Уяснив себе это, мы сразу же поймем, что теперь излишне спрашивать о том, кому
надлежит создавать законы, ибо они суть акты общей воли; и о том, стоит ли государь выше
законов, ибо он член Государства; и о том, может ли Закон быть несправедливым, ибо никто
не бывает несправедлив по отношению к самому себе; и о том, как можно быть свободным и
подчиняться законам, ибо они суть лишь записи изъявлений нашей воли.

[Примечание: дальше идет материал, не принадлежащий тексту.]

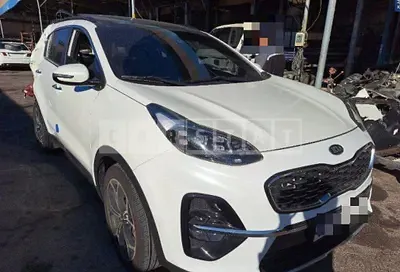 Photo 1 of 24: 2020 Kia Sportage 1.6 — Korean insurance auction
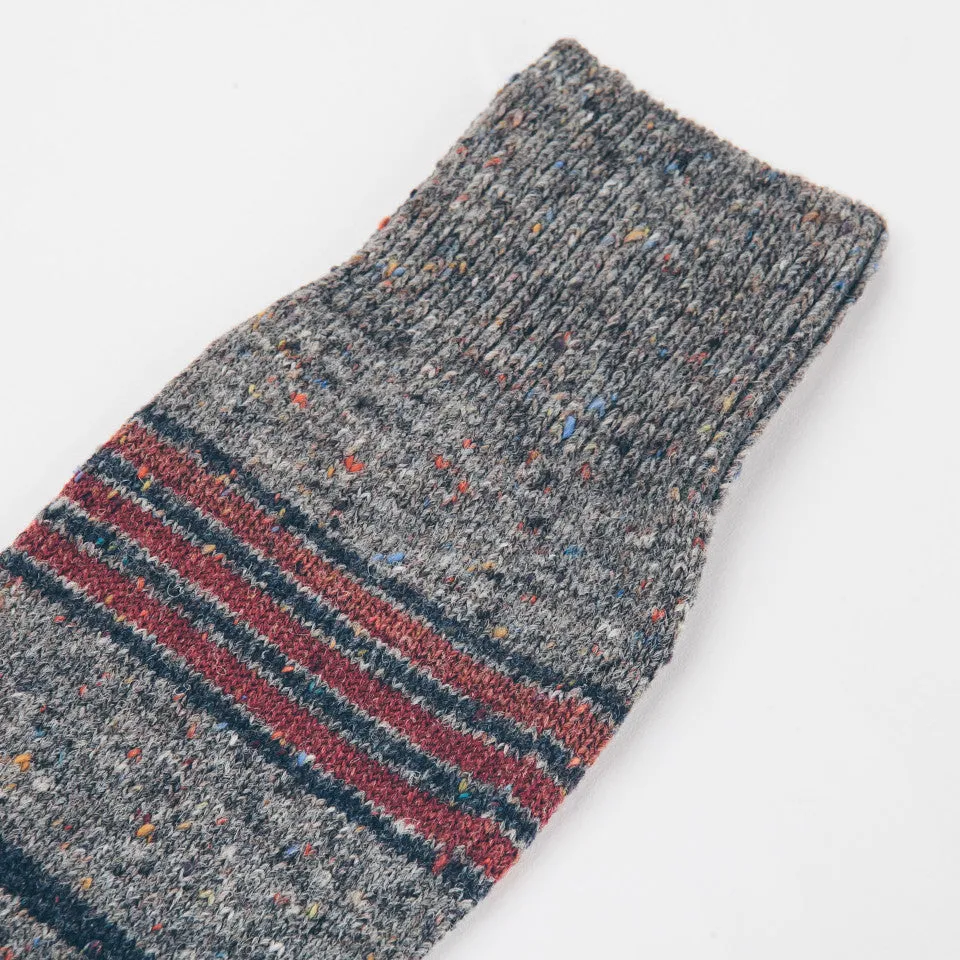Anonymous Ism Blanket Stripe - Grey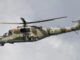 مروحية بيلاروسية من طراز Mi-24 يشتبه في انتهاكها المجال الجوي لليتوانيا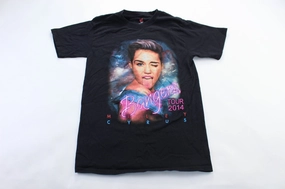Subtle Details Sustainable Textile 2014 Miley Rules Bangerz Tour T-Shirt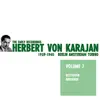 Staatskapelle Berlin & Herbert von Karajan - Herbert Von Karajan - the Early Recordings Vol. 7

И еще из этого видно, что раз в Законе должны сочетаться всеобщий характер воли и
таковой же ее предмета, то все распоряжения, которые самовластно делает какой-либо
частный человек, кем бы он ни был, никоим образом законами не являются. Даже то, что
приказывает суверен по частному поводу, - это тоже не закон, а декрет; и не акт
суверенитета, а акт магистратуры.
Таким образом, я называю Республикою всякое Государство, управляемое посредством
законов (72), каков бы ни был при этом образ управления им; ибо только тогда интерес
общий правит Государством и общее благо означает нечто. Всякое Правление* посредством
законов, есть республиканское: что такое Правление, я разъясню ниже.
___________
* Под этим словом я разумею не только Аристократию или Демократии, но вообще
всякое Правление, руководимое общей волей, каковая есть Закон. Чтобы Правительство
было законосообразным, надо, чтобы оно не смешивало себя с сувереном, но чтобы оно
было его служителем: тогда даже Монархия есть Республика. Это станет ясным из
следующей книги.
Законы, собственно - это лишь условия гражданской ассоциации. Народ,
повинующийся законам, должен быть их творцом: лишь тем, кто вступает в ассоциацию,
положено определять условия общежития. Но как они их определят? Сделают это с общего
согласия, следуя внезапному вдохновению? Есть ли у Политического организма орган для
выражения его воли? Кто сообщит ему предусмотрительность, необходимую, чтобы
проявления его воли превратить в акты и заранее их обнародовать? Как иначе провозгласит
он их в нужный момент? Как может слепая толпа, которая часто не знает, чего она хочет, ибо
она редко знает, что ей на пользу, сама совершить столь великое и столь трудное дело, как
создание системы законов? Сам по себе народ всегда хочет блага, но сам он не всегда видит,
в чем оно. Общая воля всегда направлена верно и прямо, но решение, которое ею руководит,
не всегда бывает просвещенным. Ей следует показать вещи такими, какие они есть, иногда
такими, какими они должны ей представляться; надо показать ей тот верный путь, который
она ищет; оградить от сводящей ее с этого пути воли частных лиц; раскрыть перед ней связь
стран и эпох; уравновесить привлекательность близких и ощутимых выгод опасностью
отдаленных и скрытых бед. Частные лица видят благо, которое отвергают; народ хочет блага,
но не ведает в чем оно. Все в равной мере нуждаются в поводырях. Надо обязать первых
согласовать свою волю с их разумом; надо научить второй знать то, чего он хочет. Тогда
результатом просвещения народа явится союз разума и воли в Общественном организме;
отсюда возникает точное взаимодействие частей и, в завершение всего, наибольшая сила
целого. Вот что порождает нужду в Законодателе.